Arahan Rektor UIN Surakarta

Dalam sambutannya, Rektor menegaskan bahwa sinkronisasi program bukan sekadar agenda rutin. Menurutnya, forum ini penting untuk menyatukan langkah fakultas dengan visi besar universitas. “FEBI harus menjadi motor penggerak. Program akademik, riset, dan pengabdian masyarakat harus relevan dengan kebutuhan bangsa,” tegas Prof. Toto.

Selain itu, beliau mendorong kolaborasi erat dengan stakeholder seperti pasar modal, perbankan syariah, dan dunia industri. Dengan adanya kerja sama, FEBI diharapkan mampu melahirkan inovasi yang mendukung perkembangan ekonomi Islam.

Peran Strategis FEBI UIN Surakarta

Rektor menambahkan, sinkronisasi program FEBI juga penting untuk memperkuat peran fakultas dalam ekosistem UIN Surakarta. Menurutnya, kualitas lulusan harus diutamakan. “Mahasiswa FEBI harus unggul, santun, dan mahir berdigital. Itu hanya bisa dicapai melalui perencanaan yang matang serta sinergi antar pihak,” ujarnya.

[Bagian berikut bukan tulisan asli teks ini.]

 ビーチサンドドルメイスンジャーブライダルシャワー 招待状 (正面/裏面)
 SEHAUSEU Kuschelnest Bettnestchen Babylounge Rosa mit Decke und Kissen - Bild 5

Agenda Sinkronisasi Program FEBI

Setelah pembukaan, kegiatan dilanjutkan dengan review perjanjian kinerja tahun 2025 serta tindak lanjut perbaikan anggaran 2026. Proses ini dipimpin Dekan FEBI, Prof. Dr. M. Rahmawan Arifin, M.Si.. Selanjutnya, sidang komisi bidang bersama Wakil Dekan menghasilkan sejumlah rekomendasi yang kemudian diputuskan dalam sidang pleno.

Komitmen Kolaborasi ke Depan

Melalui arahan Rektor, FEBI menegaskan komitmen untuk memperkuat sinkronisasi program dengan stakeholder. Dengan strategi kolaboratif, FEBI bertekad melahirkan lulusan yang relevan dengan tantangan zaman sekaligus berkontribusi pada pengembangan ekonomi syariah di Indonesia.

Tags: No tags

Comments are closed.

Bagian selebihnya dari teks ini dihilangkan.